Why is printing data to a file considerably slower with awk than with the shell?

https://stackoverflow.com/questions/20227462

05-08-2022
|

Question

I've been using a shell script for ~3 years that starts a tail -F -n0 /path/to/LOGFILE, parses and formats the output and dumps it into a pipe delimited file. However, we've gone from several thousand log lines a day to several million log lines a day and the script has started to eat huge amounts of memory and CPU.

I recently gone and replaced all of the data parsing logic with awk, which seems in testing to be many MANY orders of magnitude faster at parsing data. To test the new awk code I tried pumping an entire days worth of logs through the logic (~6 million lines) using both the awk code and the shell code and unsurprisingly the awk code pulled the ~92K relevant lines in ~10 seconds while the shell code took over 15 minutes to do the exact same thing. However, if I use the exact same code, but instead of cat /path/to/file|awk '...' I do tail -F -n0 /path/to/file|awk '... there is a HUGE delay as to when the text is written to the file, up to ~2-3 minutes as opposed to ~0.5-1.0 seconds when it's going through the shell code.

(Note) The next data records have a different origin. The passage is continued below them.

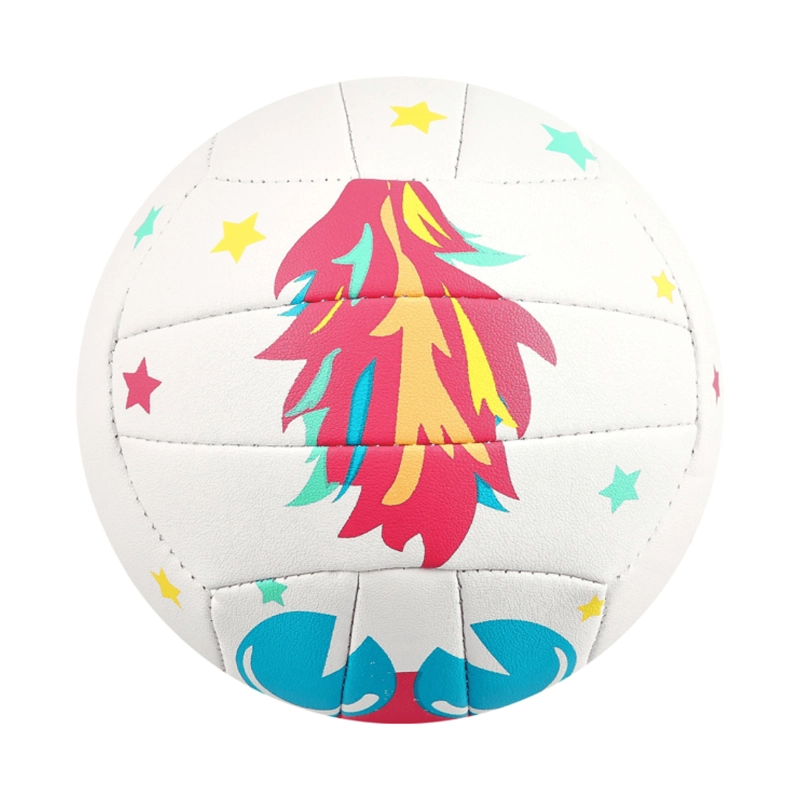 BALON DE VOLEIBOL MOLTEN UNICORNIO | MO22234 - 2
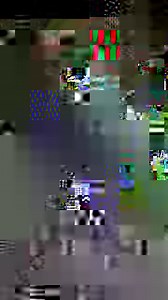 Astronaut Poppy is officially an astronaut now | League of Legends - LoL Weekly Videos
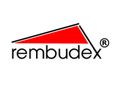 Rembudex logo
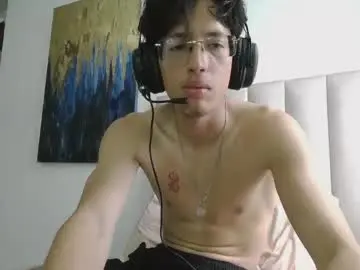 Adult Webcam with manu_vera8 - Chaturbate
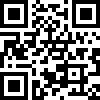 https://khabaronline.ir/xh9ds
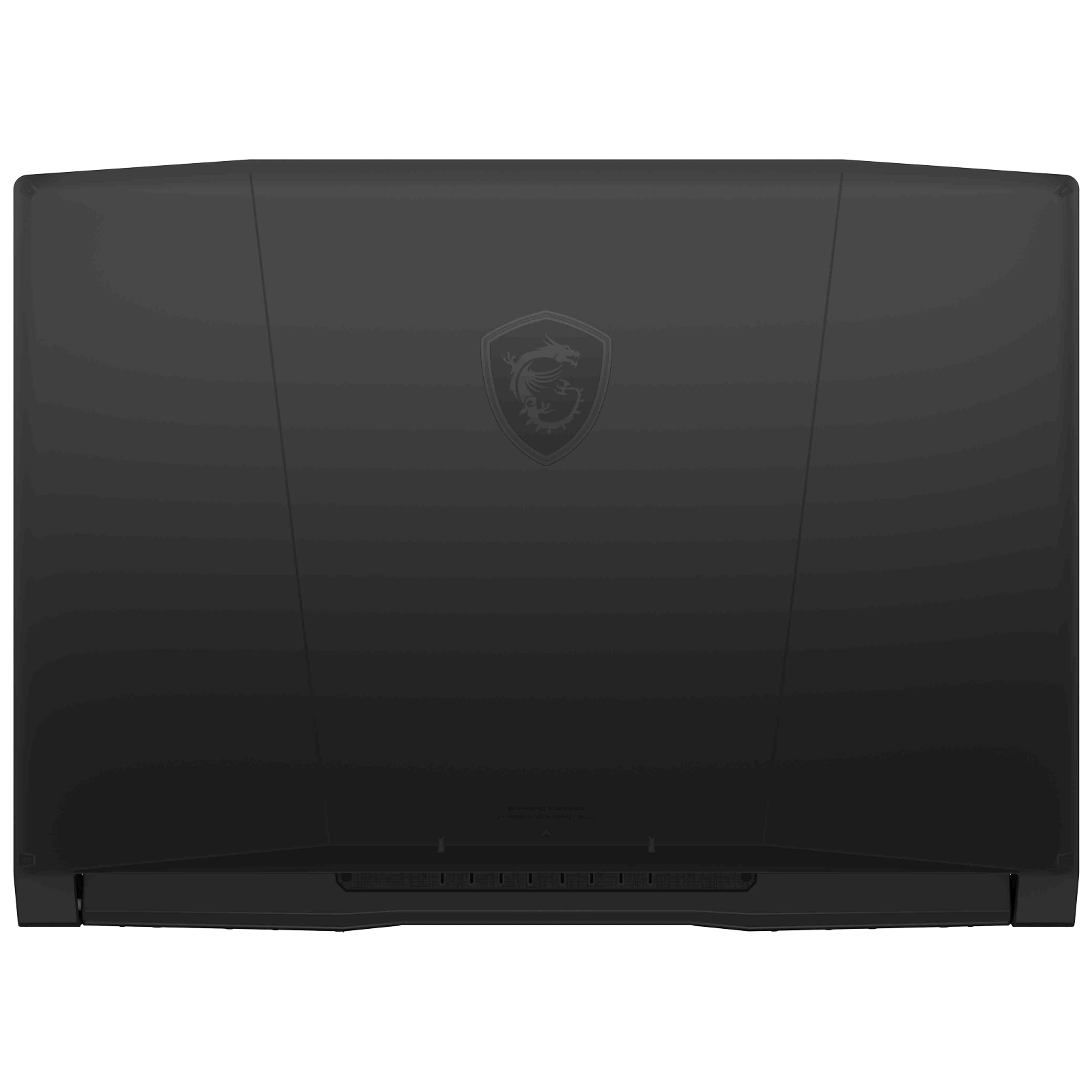 MSI Katana A15 AI B8VF-447IN AMD Ryzen 9 8945HS Gaming Laptop (16GB, 512GB SSD, Windows 11 Home, 8GB Graphics, 15.6 inch 144 Hz FHD Display, NVIDIA GeForce RTX 4060, MS Office 2021, Black, 2.25 KG)_6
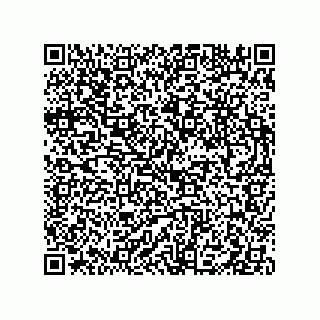 vCard 73422340397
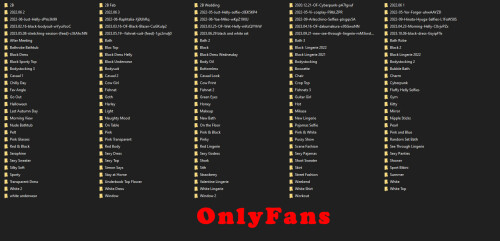 Screenshot 5d2b88dfebd92abc8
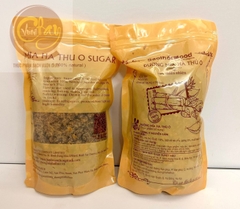 Đường mía hà thủ ô kg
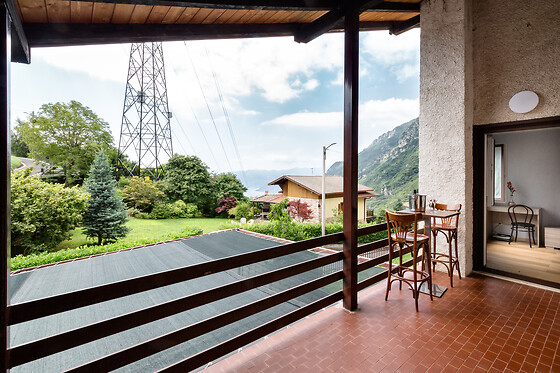 Locanda Gli Spiazzi - photo 3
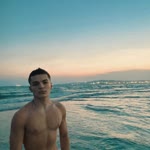 Deniz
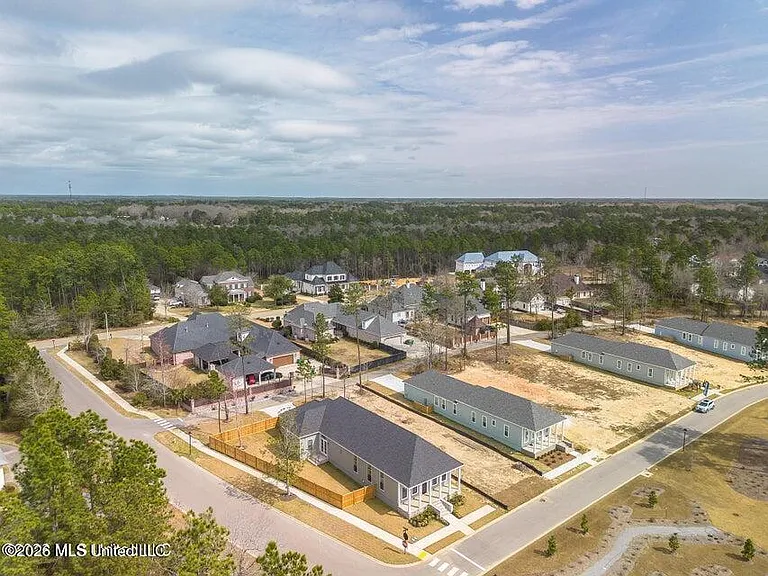 12514R Star Ln — Photo 31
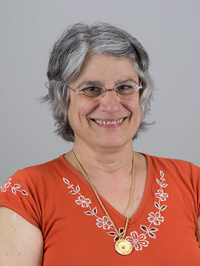 Linda S. Grossman 0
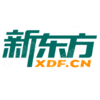 浙江新东方培训学校有限公司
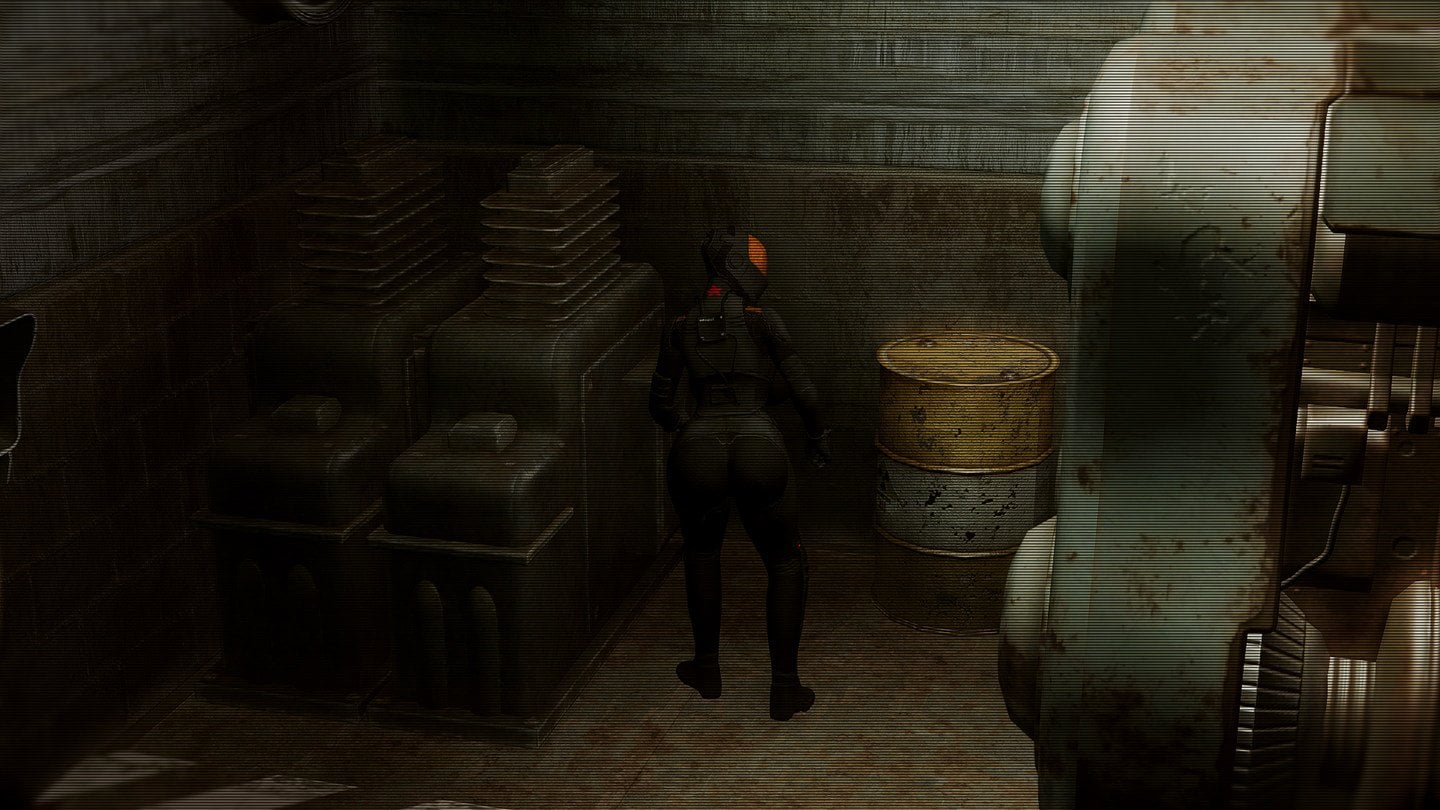 ScreenShot_13996.jpg.358ce5f9bb962dee29d47ed955715d4d.jpg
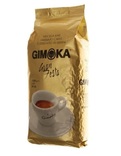 Кофе 1кг зерновой Джимока Джимока Гран Феста / GIMOKA GRAN FESTA. Оптом дешевле., фото №3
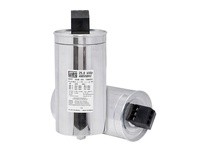 WEG UCWT15V29 S26 CAPACITIVE UNIT HD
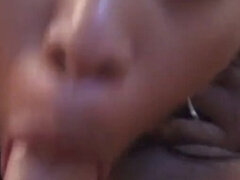 Amador amadora, Peitos grandes, Negroa, Morena, Interracial, Tatuagem, Tetas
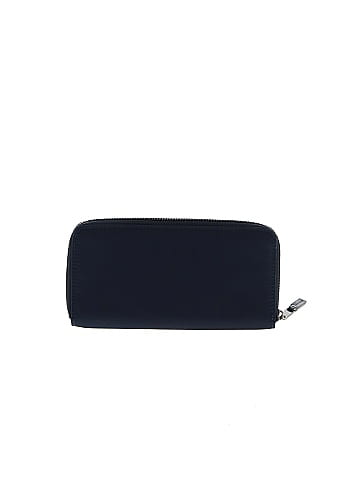 Unbranded Wallet (view 2)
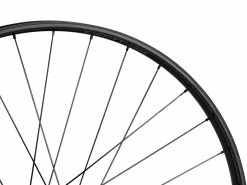 ZIPP 3ZERO MOTO Roues Carbone ZM2 Boost Disque 6 Trous 27,5 Pouces 12 ZIPP 3ZERO MOTO Roues Carbone ZM2 Boost Disque 6 Trous 27,5 Pouces -Composants Vtt Soldes 2023 zipp 3zero moto roues carbone zm2 boost disque 6 trous 275 pouces 3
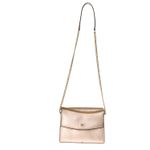 Bolsa-Tory-Burch-Couro-Metalizado-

Shell code (yes I know how ugly shell code is):

outDir="/opt/redacted/logs/allerrors/"
tail -F -n0 /opt/redacted/logs/manager.log|while read -a logLine;do
if [[ "${logLine[2]}" == "E" ]];then
  if [[ "${logLine[7]:0:1}" == "@" ]];then
    echo "${logLine[0]}|${logLine[1]}|${logLine[6]}|${logLine[7]}|${logLine[@]:8:${#logLine[@]}}" >> ${outDir}allerrors.${logLine[0]//\//.}.log
  else
    echo "${logLine[0]}|${logLine[1]}|${logLine[6]}|NULL|${logLine[@]:7:${#logLine[@]}}" >> ${outDir}allerrors.${logLine[0]//\//.}.log
  fi
fi

done

awk code:

  outDir="/opt/redacted/logs/allerrors/"
  tail -F -n0 /opt/redacted/logs/manager.log|awk -v dir=$outDir '{OFS="|"}
{
  if ($3 == "E")
  {
    file="allerrors."$1".log"
    gsub("/",".",file)
    if ($8 ~ /@/)
      print $1,$2,$7,$8,substr($0, index($0,$9)) >> dir file
    else {if ($8 !~ /@/)
      print $1,$2,$7,"NULL",substr($0, index($0,$8)) >> dir file
    }
  }
}'

To be clear, both sets of code work and create identical output if I use cat instead of tailing the file, but with the awk code I don't see results in my output file until ~2-3 minutes after it appears in the log while the shell version only takes a few seconds.

Solution

awk buffers by default while sh does not. This increases awk's throughput but also its latency.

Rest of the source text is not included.